How do you make a sequel to one of the most popular films of all time? Answer: You make it bigger, longer and part of a larger story that nobody knew about when the first film came out. The Matrix was all wrapped up in such a neat little bow that surely to try and carry on Neo’s story was madness…Or was it?

If ever there was a movie that divided audiences, it was The Matrix Reloaded. When the first trailers emerged in early 2003 appetites weren’t wetted – they were held under Niagara Falls. Neo versus 100 Smiths! Photo-realistic CG stunt-men! Zion! Morpheus attacking a car with a Samurai sword!

Fans swarmed to the cinema and 138 minutes later, they left feeling as if they really had been tossed around in Niagara Falls – and had loved every minute of it. But once the razzle dazzle of the freeway chase, the Burly Brawl and The Architect’s revelation that Neo was the 7th ‘One’ wore off, we looked back and wondered if The Matrix Reloaded was really ‘all that’. It was an astounding piece of action cinema – of that there was no doubt – but compared to the streamlined, original movie, it was always going to come off second best.

Playing fast and loose with time-lines, the Wachowskis choose to open with a series of random fight scenes with Trinity apparently running from an Agent and falling to her death. Is this a Neo nightmare or a warning of what’s really going to happen? Our heroes have arrived back in Zion, where Morpheus tries to convince the council that Neo can stop the machines digging down to exterminate them. Neo, however, isn’t quite so sure he’s up to the job.

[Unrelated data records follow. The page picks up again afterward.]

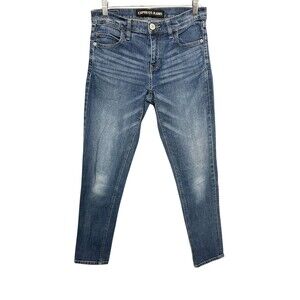 Express Jeans Women’s Girlfriend Fit Blue Denim Jeans Size 0 – Distressed Wash M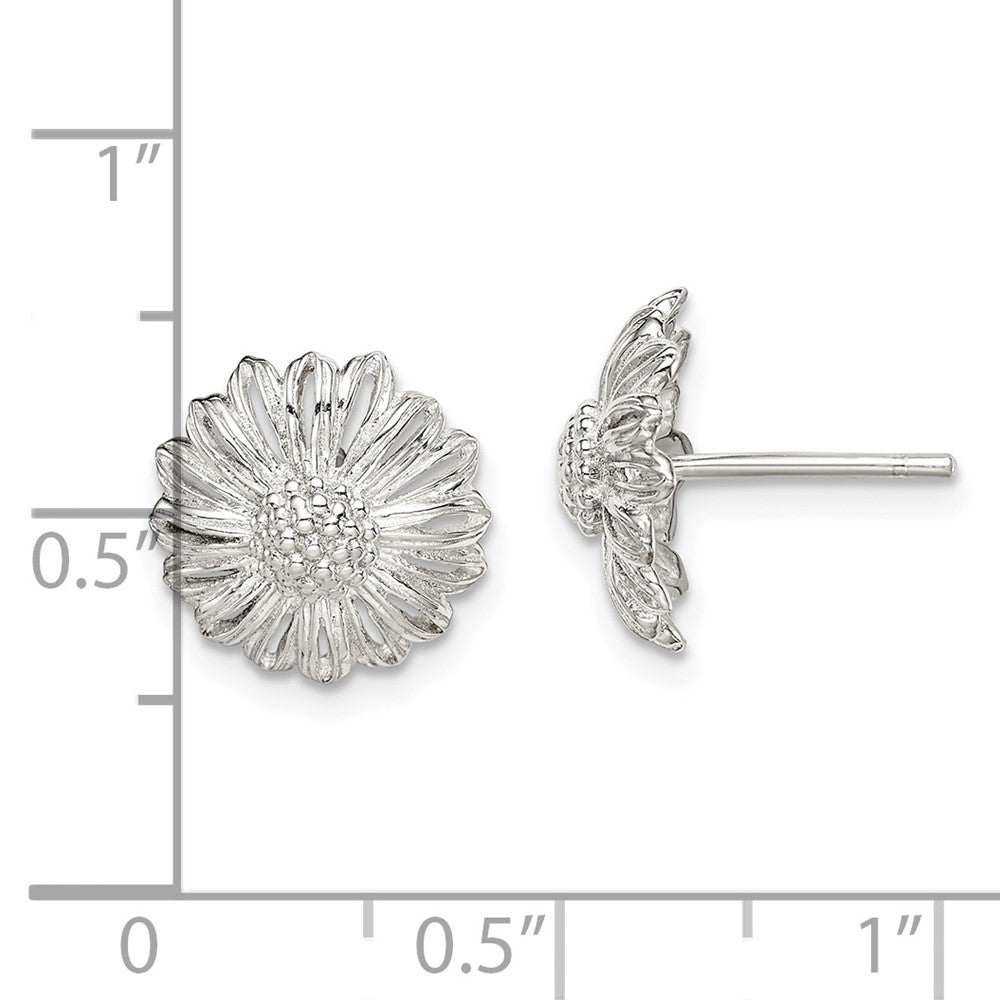 Sterling Silver Antiqued Sunflower Post Earrings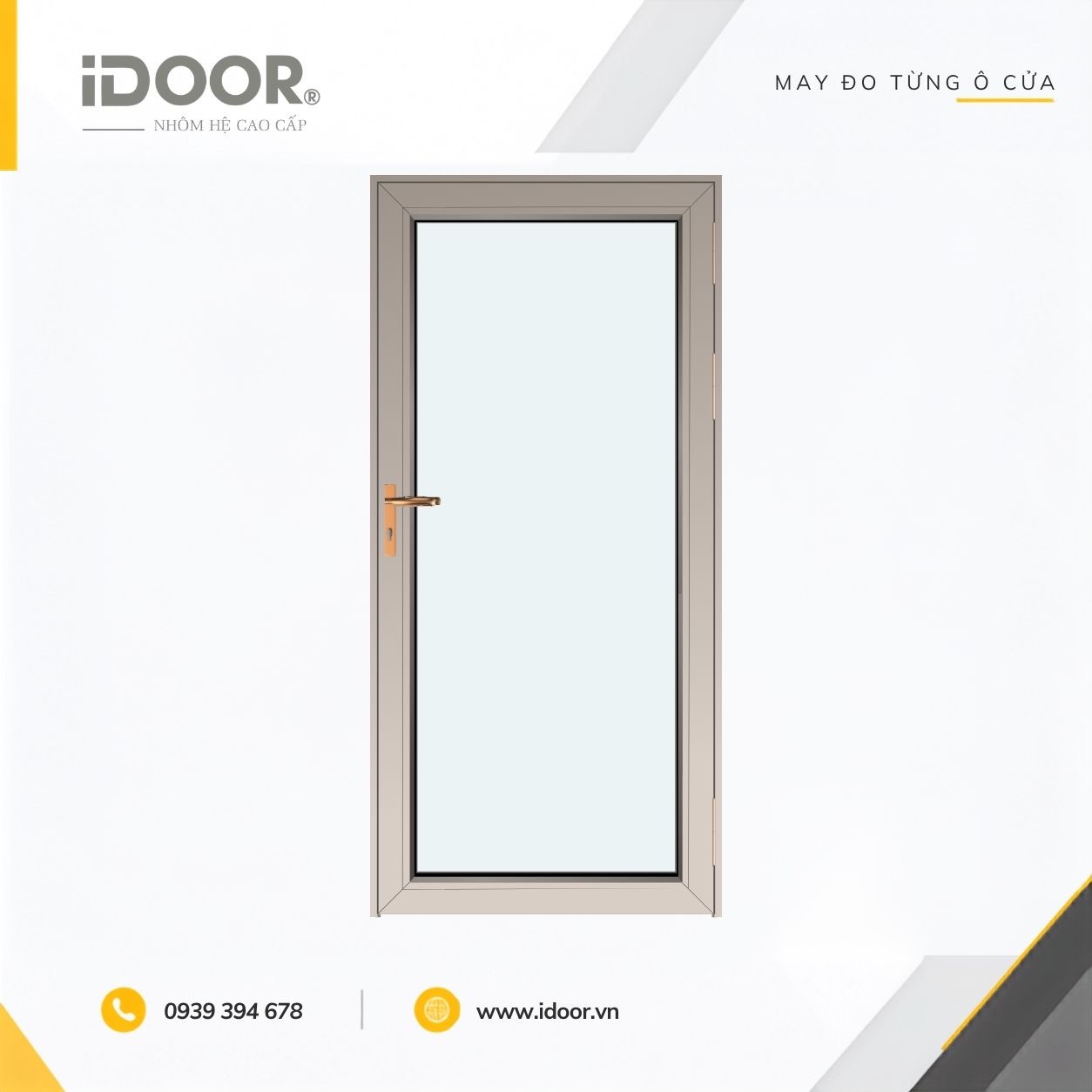 Cửa đi mở quay 1 cánh MAXPRO hệ 65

Agent Smith is back from the dead and stronger than ever. His brush with Neo at the end of the first film somehow cut him off from the mainframe and he’s now free to create an endless line of Smith clones with a view to taking over the Matrix. Meanwhile, Neo visits the Oracle, pausing for a random tussle with bodyguard Seraph on the way. The Oracle sends them to visit the Merovingian to get him to free the Keymaker; a man who can unlock doorways between worlds.

Being French, the Merovingian isn’t willing to be gracious so a huge fight erupts with Neo, Trinity and Morpheus trying to get the Keymaker to safety while Merv’s albino assassins try to kill them on a busy freeway. There are two main talking points about Reloaded: One is the freeway chase and the other is the Burly Brawl (Neo fighting hundreds of Smiths in the park).